Future Human: Dealing with the Information DelugeJanuary 31st, 2011
Everyday we are bombarded by imagery and information. These come in the form of status updates, RSS feeds, videos, advertisements, news blurbs, and inboxes. Many devices can communicate with each other or have some sort of internet access. That means that every information stream we can access on our computer, we can also access on our phones, iPods, TVs, and game consoles. We are the “society of the spectacle”, and our fractured, frazzled attention spans reflect this. Technology is evolving so rapidly that we don’t have time to learn how to properly assimilate all the new stimuli. The internet brings with it the simplification of information; quick-hit videos, bullet point lists, and 140-character messages. The more rich long-form style of reading and concentration is becoming rare.

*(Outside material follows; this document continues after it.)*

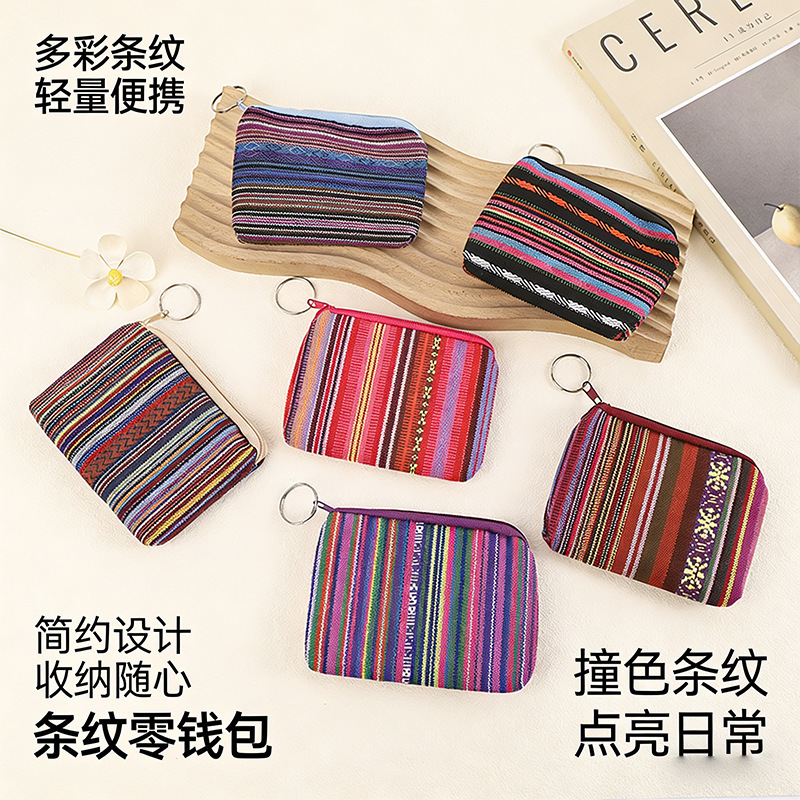 Cross-Border Popular New Ethnic Style Coin Purse, Coin Key Zipper Fabric Small Gift Item, Small Wallet Cross-Border Popular New Ethnic Style Coin Purse, Coin Key Zipper Fabric Small Gift Item, Small Wallet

The human being of the future (read: now) needs to learn how to adapt to both long and short form narrative and communication, and to know when to take advantages of different systems. They will understand how to filter information and how to activate each form when appropriate. The connections in your brain need to be made to allow quick switching between information streams. I believe that process is already underway. Start actively pursuing this now. Start building practical filters and ways to deal with deluge of daily images and information.
Perhaps the constant stream of always-on information and imagery helped to spawn the current resurgence of simplicity/minimalism, (that could be another article entirely). Sometimes though, you just need a break. That’s where the always popular digital sabbatical comes in. It’s totally cool if you just need to unplug for a bit and go for a run, read a book, or just sit in silence or something. We understand, and don’t worry, we’ll be here when you decide to come back.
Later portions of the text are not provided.